» **What you will do**
Copy the opening lines of the listing exactly, through and including the line with "Women's Solid Pleated"; do not copy any pictures.

» **The data**

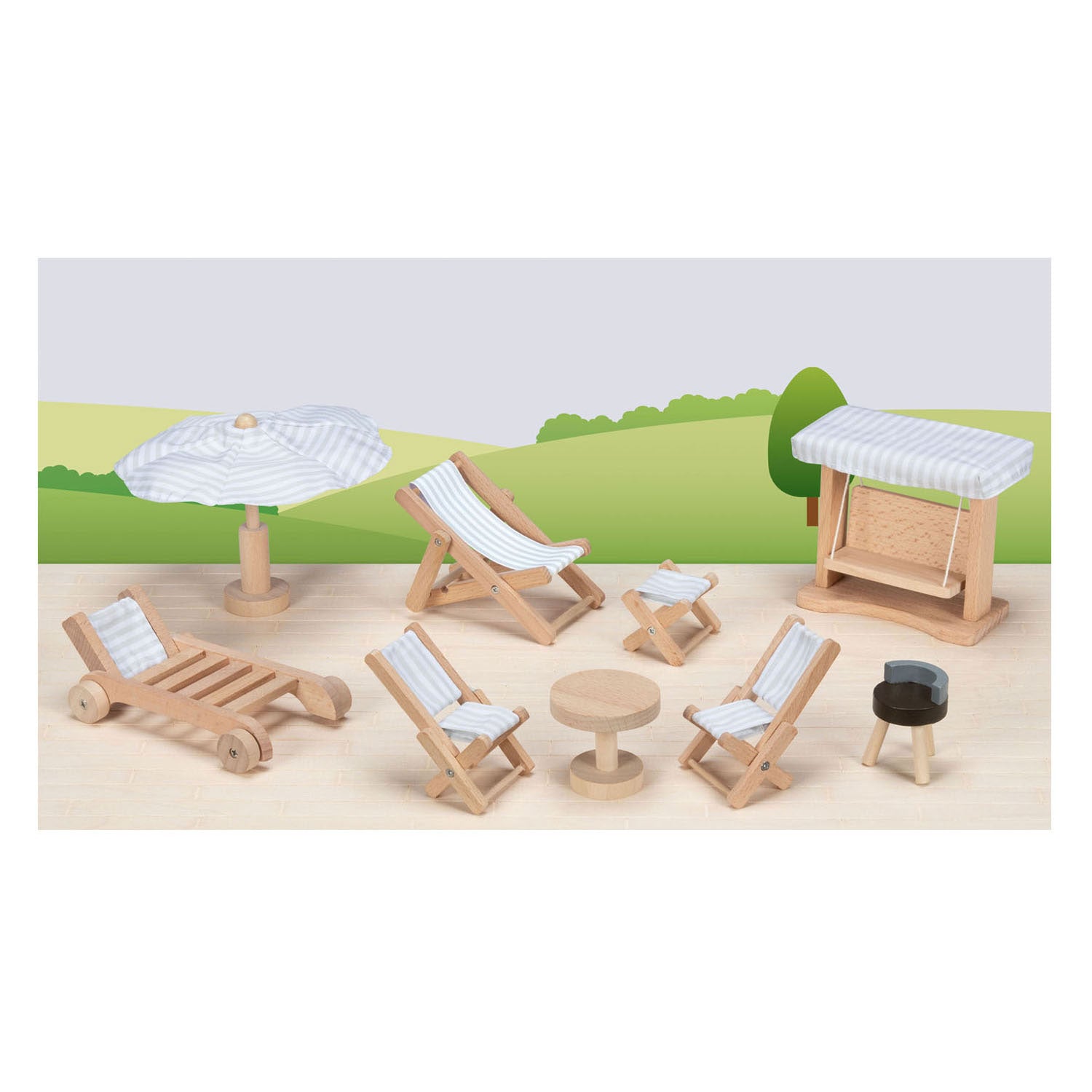 Muebles de jardín de muebles de títeres de madera de Goki, 9dlg.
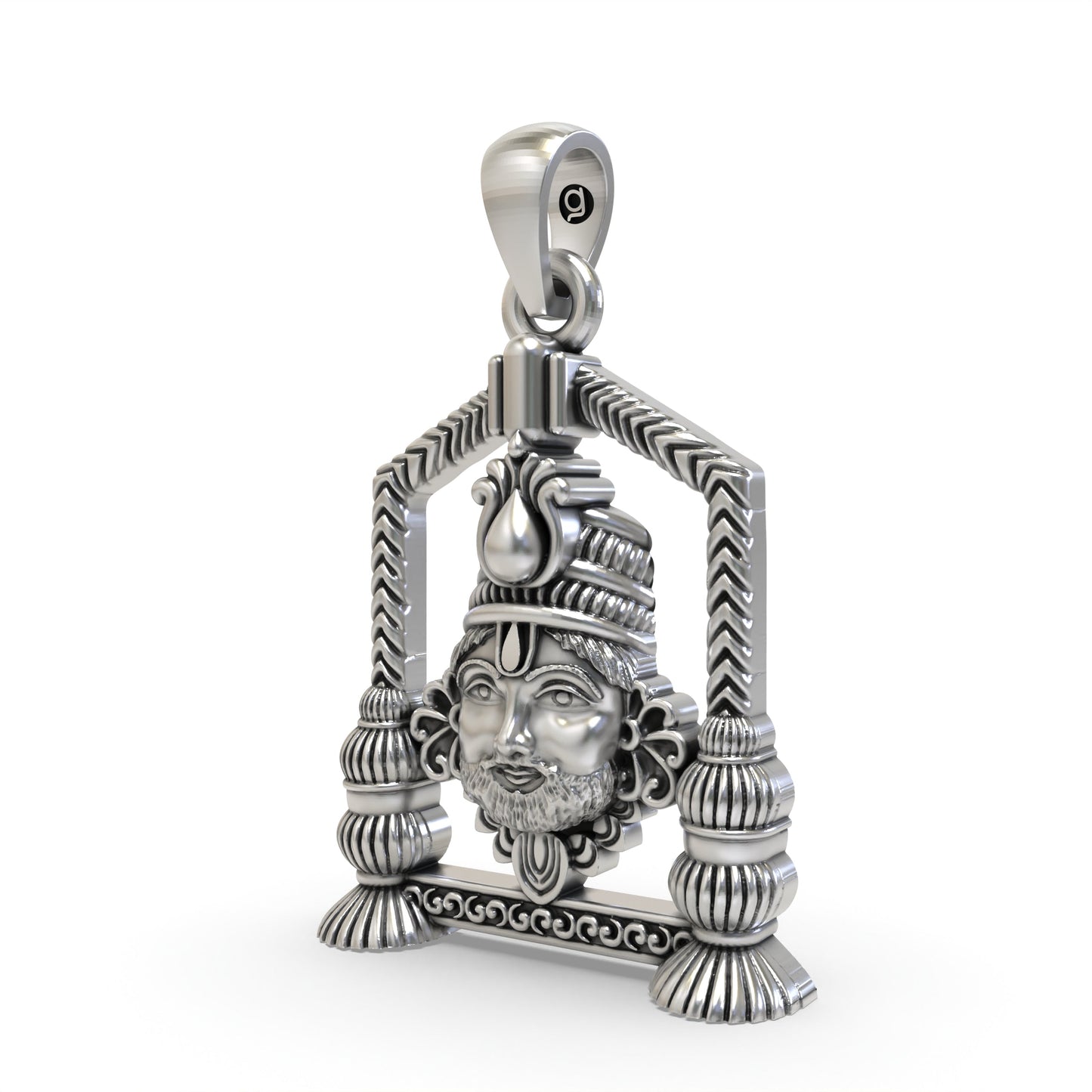 Khatu Shyam Ji Face Pendant in 925 Silver | Spiritual Jewelry for Devotees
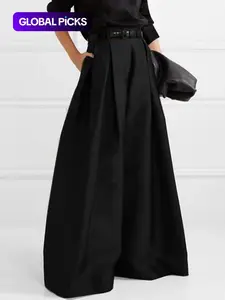 Women's Solid Pleated High-Waist Wide-Leg Pants, Casual Comfy Pocket Trousers for Daily Wear, Ladies Bottoms for All Seasons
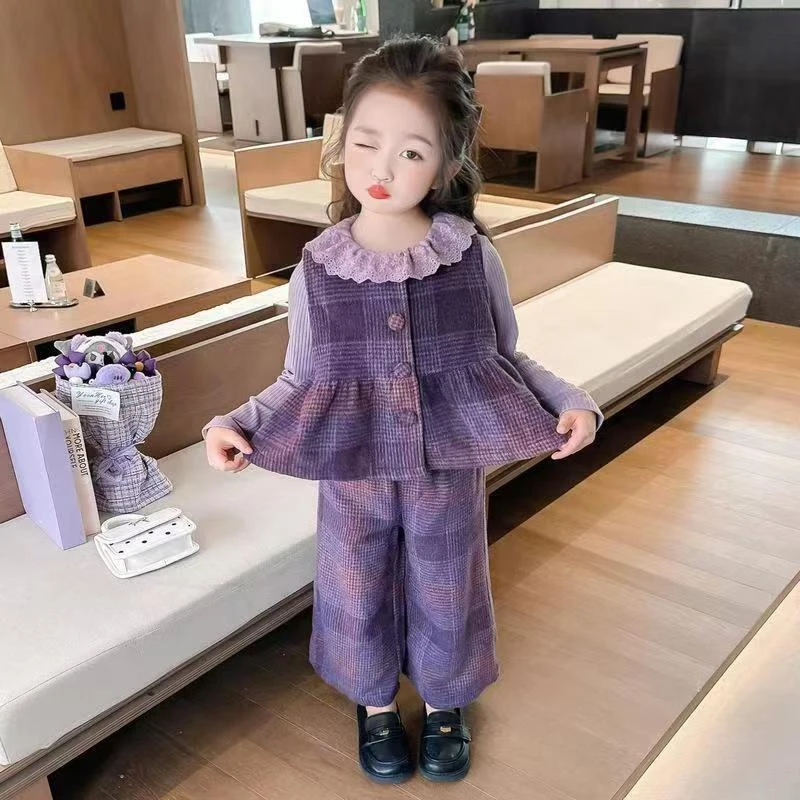 女童春季紫色套装2025新款儿童洋气时髦马甲打底裤子宝宝春秋款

» **Your solution**
 Muebles de jardín de muebles de títeres de madera de Goki, 9dlg.
 Khatu Shyam Ji Face Pendant in 925 Silver | Spiritual Jewelry for Devotees
 Women's Solid Pleated High-Waist Wide-Leg Pants, Casual Comfy Pocket Trousers for Daily Wear, Ladies Bottoms for All Seasons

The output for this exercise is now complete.